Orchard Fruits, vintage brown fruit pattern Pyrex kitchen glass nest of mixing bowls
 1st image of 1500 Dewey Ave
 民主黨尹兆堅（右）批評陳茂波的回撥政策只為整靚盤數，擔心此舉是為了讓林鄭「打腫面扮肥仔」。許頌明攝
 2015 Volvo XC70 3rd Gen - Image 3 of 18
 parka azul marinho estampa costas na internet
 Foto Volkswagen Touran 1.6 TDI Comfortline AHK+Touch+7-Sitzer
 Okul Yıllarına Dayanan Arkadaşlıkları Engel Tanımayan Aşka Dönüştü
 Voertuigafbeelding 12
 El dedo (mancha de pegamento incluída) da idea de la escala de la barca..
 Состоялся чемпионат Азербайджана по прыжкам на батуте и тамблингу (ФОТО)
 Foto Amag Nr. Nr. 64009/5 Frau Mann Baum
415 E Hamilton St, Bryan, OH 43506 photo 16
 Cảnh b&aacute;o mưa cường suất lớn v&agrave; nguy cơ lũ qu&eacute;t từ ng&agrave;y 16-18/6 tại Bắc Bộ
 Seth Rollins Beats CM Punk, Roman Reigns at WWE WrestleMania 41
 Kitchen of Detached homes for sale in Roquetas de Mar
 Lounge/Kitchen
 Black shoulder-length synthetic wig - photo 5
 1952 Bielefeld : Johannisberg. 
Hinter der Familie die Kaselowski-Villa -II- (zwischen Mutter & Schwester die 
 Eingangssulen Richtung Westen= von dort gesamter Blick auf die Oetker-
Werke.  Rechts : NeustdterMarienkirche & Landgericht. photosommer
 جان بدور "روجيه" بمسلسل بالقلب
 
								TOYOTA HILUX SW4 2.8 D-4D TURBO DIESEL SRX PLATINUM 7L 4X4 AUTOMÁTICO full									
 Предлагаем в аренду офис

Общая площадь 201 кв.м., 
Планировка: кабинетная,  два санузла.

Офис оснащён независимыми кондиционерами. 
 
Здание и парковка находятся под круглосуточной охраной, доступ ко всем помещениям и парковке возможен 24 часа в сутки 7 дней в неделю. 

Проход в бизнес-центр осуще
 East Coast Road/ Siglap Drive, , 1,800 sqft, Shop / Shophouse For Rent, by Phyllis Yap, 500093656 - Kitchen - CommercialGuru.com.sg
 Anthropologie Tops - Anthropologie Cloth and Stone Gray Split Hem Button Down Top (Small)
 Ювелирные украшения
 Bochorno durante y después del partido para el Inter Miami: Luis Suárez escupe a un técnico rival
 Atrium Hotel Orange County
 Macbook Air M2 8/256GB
* * * * * * *
What is required>
Emit only the final stretch of the records: the line containing "Eingangssulen Richtung Westen= von" through the end, each line exactly as it stands.

Your response>
 Eingangssulen Richtung Westen= von dort gesamter Blick auf die Oetker-
Werke.  Rechts : NeustdterMarienkirche & Landgericht. photosommer
 جان بدور "روجيه" بمسلسل بالقلب
 
								TOYOTA HILUX SW4 2.8 D-4D TURBO DIESEL SRX PLATINUM 7L 4X4 AUTOMÁTICO full									
 Предлагаем в аренду офис

Общая площадь 201 кв.м., 
Планировка: кабинетная,  два санузла.

Офис оснащён независимыми кондиционерами. 
 
Здание и парковка находятся под круглосуточной охраной, доступ ко всем помещениям и парковке возможен 24 часа в сутки 7 дней в неделю. 

Проход в бизнес-центр осуще
 East Coast Road/ Siglap Drive, , 1,800 sqft, Shop / Shophouse For Rent, by Phyllis Yap, 500093656 - Kitchen - CommercialGuru.com.sg
 Anthropologie Tops - Anthropologie Cloth and Stone Gray Split Hem Button Down Top (Small)
 Ювелирные украшения
 Bochorno durante y después del partido para el Inter Miami: Luis Suárez escupe a un técnico rival
 Atrium Hotel Orange County
 Macbook Air M2 8/256GB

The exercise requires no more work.